Ether.fi is a liquid restaking protocol launched in 2023. The main difference from Lido and others: you control your own validator keys (non-custodial model). You stake ETH and get eETH or weETH (the wrapped version), which auto-restakes into EigenLayer for extra yield.

In April-May 2026 Ether.fi TVL pulled back from its $7.8B January peak to $5.3B (Ethereum $5.1B + OP Mainnet $183M). The drop tracks the broader DeFi outflow after the KelpDAO exploit – the whole DeFi map lost $13B in two days. Liquid vaults hold a separate $175M.

Current yields: base ETH staking around 3.5% APY, restaking boost 2-4% (EigenLayer AVS + EIGEN emissions). Liquid 14-day APY: ETH ~4.71%, USD vault ~6.99%. In May a new EURC vault went live with K3 Capital and MidasRWA (zero FX conversion).

The Cash card hit 70,000+ active users, 300,000+ accounts, 28,000 daily transactions, and $2M of daily volume.

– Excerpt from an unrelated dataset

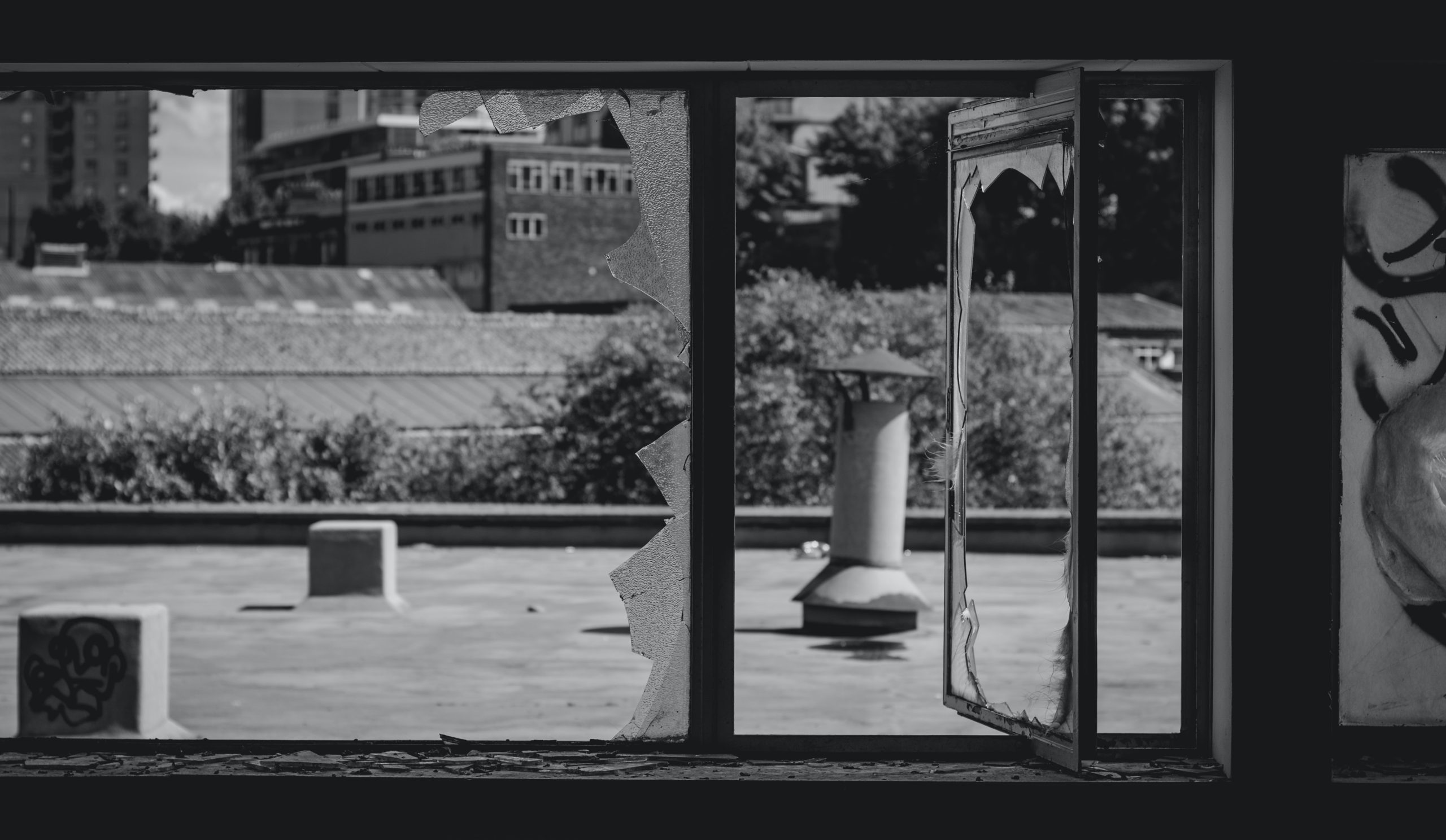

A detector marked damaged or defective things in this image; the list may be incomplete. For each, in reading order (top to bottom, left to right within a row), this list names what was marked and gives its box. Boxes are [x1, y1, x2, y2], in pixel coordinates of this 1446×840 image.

rusty window frame [0, 62, 1220, 763]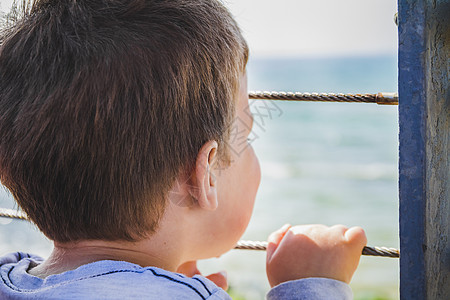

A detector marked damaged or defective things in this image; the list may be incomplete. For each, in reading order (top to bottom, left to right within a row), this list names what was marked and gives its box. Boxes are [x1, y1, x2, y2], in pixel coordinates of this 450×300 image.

On 15 April $220M of TVL migrated from Scroll to OP Mainnet without downtime. By the team's estimate, Ether.fi Cash now handles roughly 50% of all crypto-card transactions in the sector.

KelpDAO fallout: Ether.fi itself was not hit. On 30 April the team pre-emptively hardened the weETH bridge to DVN 4/4 across all 20 supported chains (instead of one node). From 30 June the weETH bridge closes on Scroll, Swell, Bera, zkSync, Mode, Blast, Morph, and Sonic – liquidity concentrates on the main networks. On 4 June (announced in May) the team launched a $25M RWA vault with Plume (target $100M): BlackRock iShares AAA CLOA, Fidelity FBND, FalconX credit pool.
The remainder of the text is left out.